WHAT IS NEEDED —
Retype the records below exactly as they stand, but with no images.

RAW DATA —
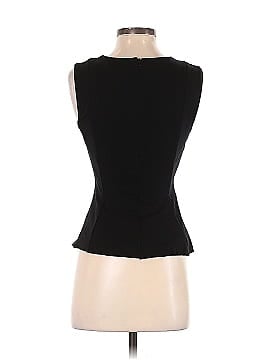 Bailey 44 Faux Leather Top (view 2)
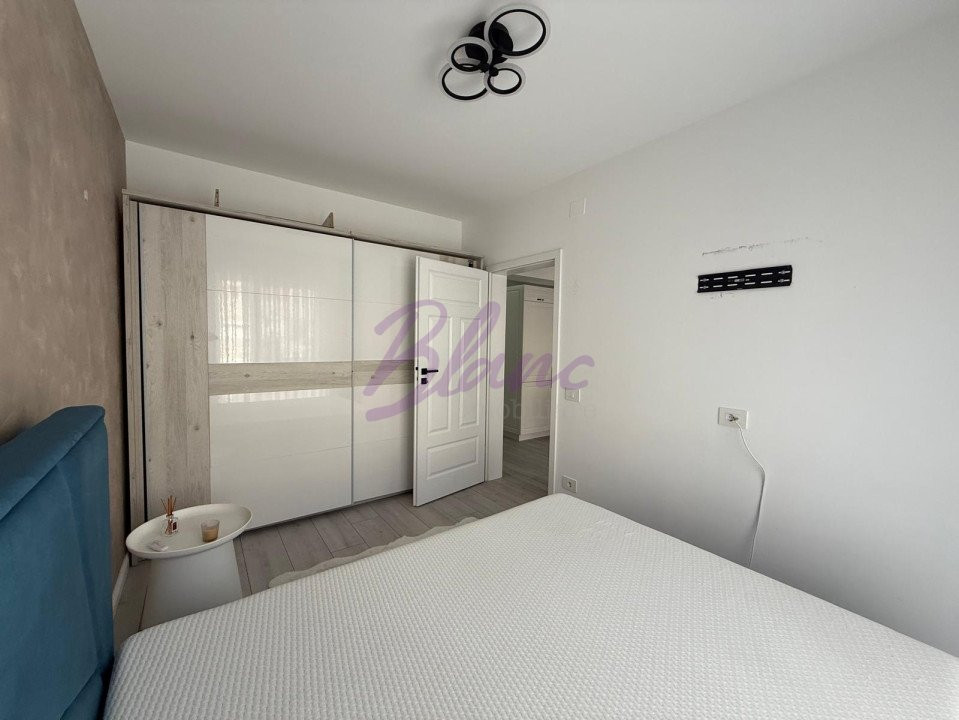 Apartament 2 camere, zona Nufarul, cartier Green Residence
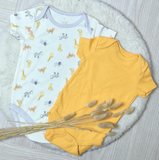 Angeliz Little Tuxedo Onesies Party Grow Premium Cakebox Hamper 12 Pcs (Nationwide Delivery)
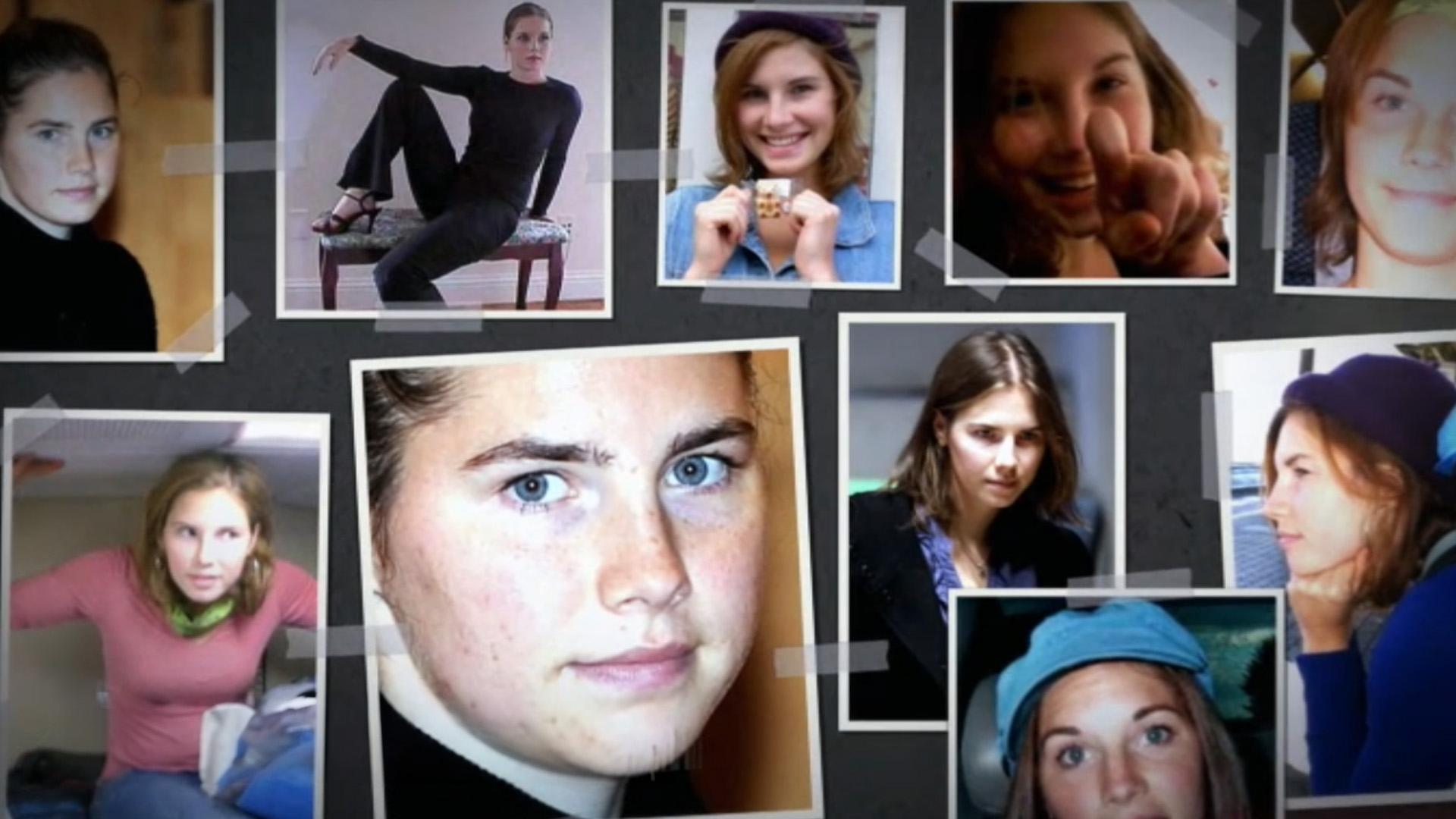 Amanda Knox, ange ou démon ? 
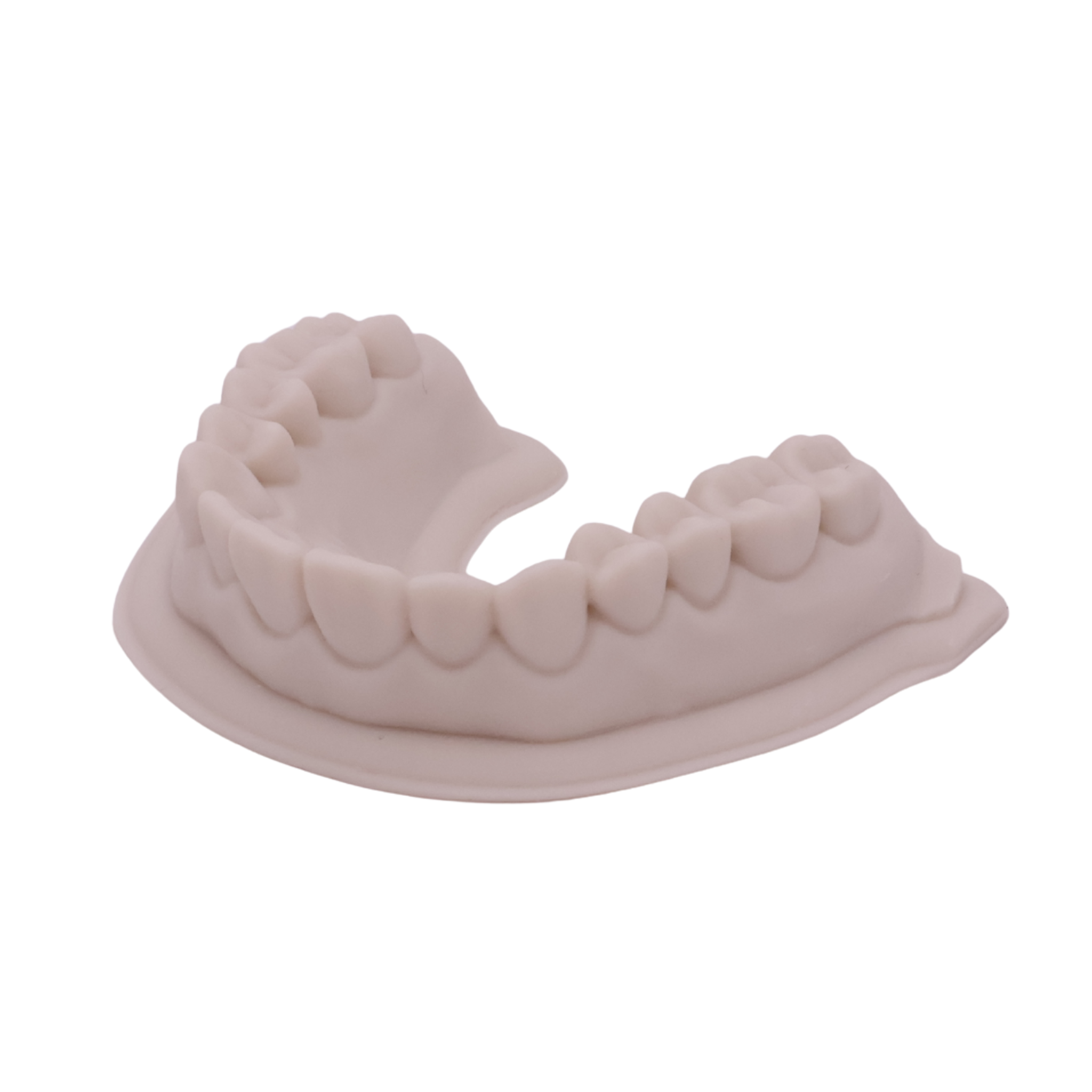 【アイボリー】3Dプリンター用水洗いレジン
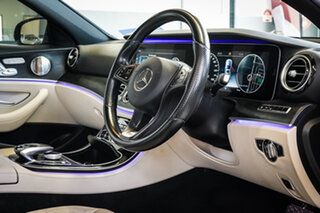 2016 Mercedes-Benz E-Class W213 E200 9G-Tronic PLUS Blue 9 Speed Sports Automatic Sedan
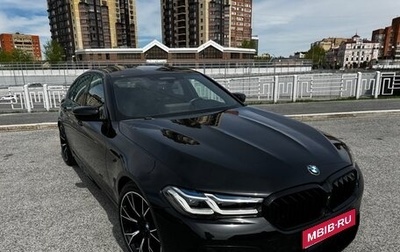 BMW M5, 2022 год, 14 800 000 рублей, 1 фотография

OUTPUT BELOW —
 Bailey 44 Faux Leather Top (view 2)
 Apartament 2 camere, zona Nufarul, cartier Green Residence
 Angeliz Little Tuxedo Onesies Party Grow Premium Cakebox Hamper 12 Pcs (Nationwide Delivery)
 Amanda Knox, ange ou démon ? 
 【アイボリー】3Dプリンター用水洗いレジン
 2016 Mercedes-Benz E-Class W213 E200 9G-Tronic PLUS Blue 9 Speed Sports Automatic Sedan
 BMW M5, 2022 год, 14 800 000 рублей, 1 фотография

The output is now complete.